## Dataset excerpt
╭──

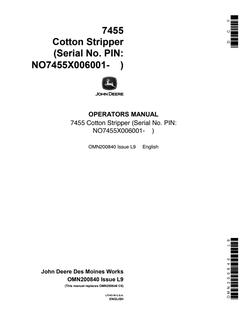 John Deere 7455 Cotton stripper Operator's manual OMN200840 — actual manual cover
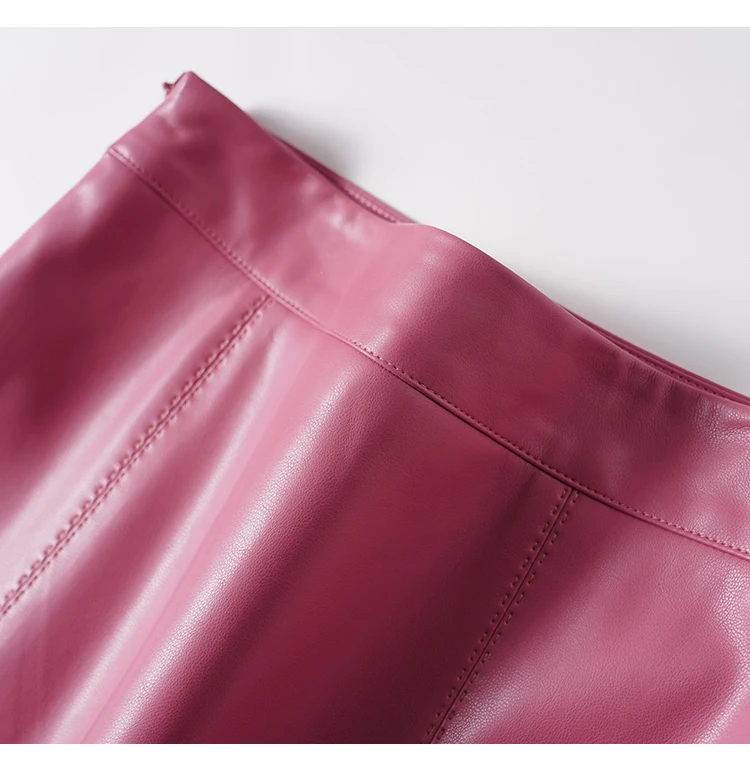 Sheepskin Skirt for Women 2025 Fashion High Waist Front Spit Wrap Skirt Chic Ladies A-line Knee-length Split Sheep Leather Skirt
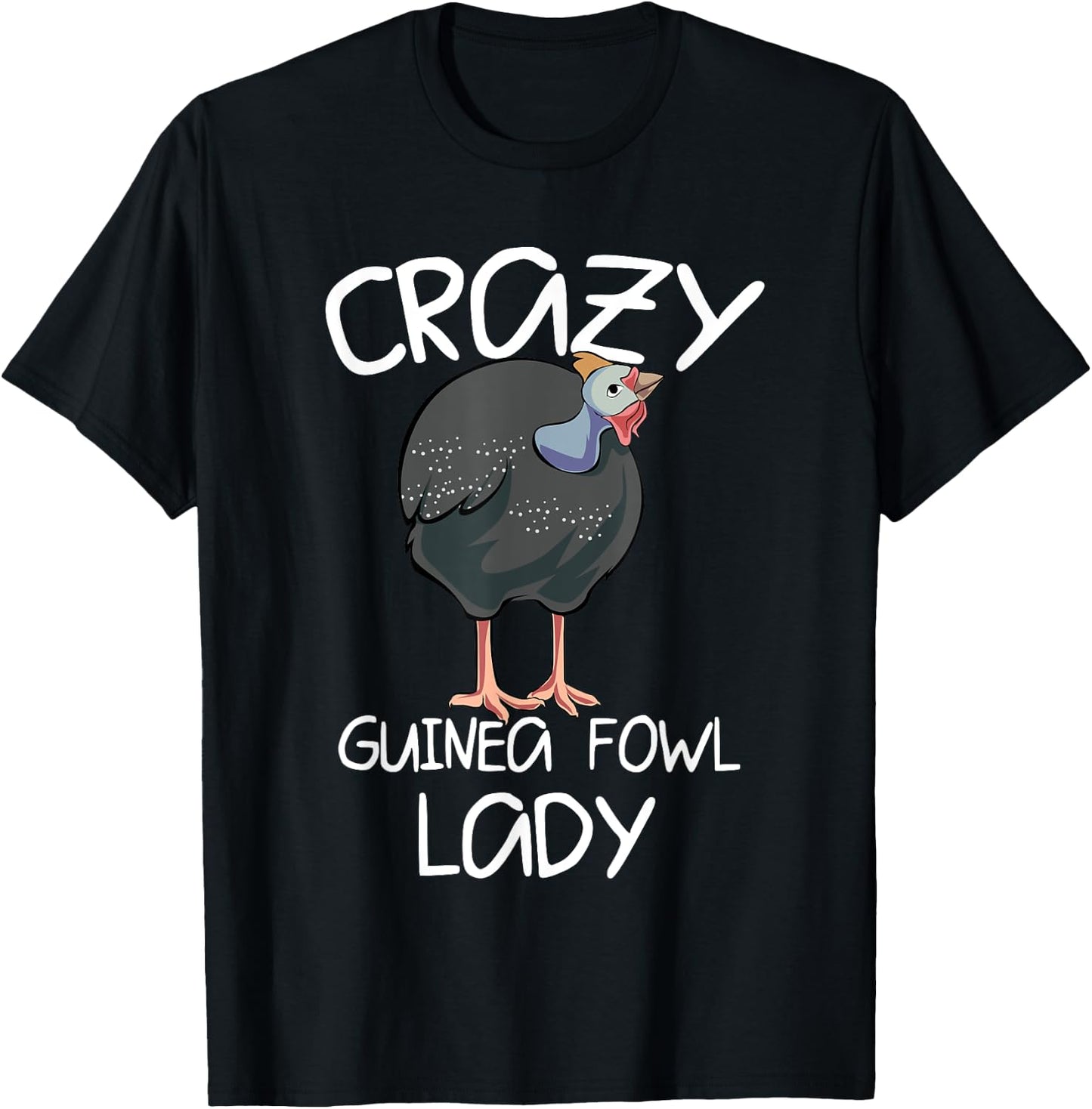 Crazy Guinea Fowl Lady T-Shirt - T-Shirt | Black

╰──

## What you are asked to do
A word-for-word reprint of the listing above is needed, minus the pictures.

## Result
 John Deere 7455 Cotton stripper Operator's manual OMN200840 — actual manual cover
 Sheepskin Skirt for Women 2025 Fashion High Waist Front Spit Wrap Skirt Chic Ladies A-line Knee-length Split Sheep Leather Skirt
 Crazy Guinea Fowl Lady T-Shirt - T-Shirt | Black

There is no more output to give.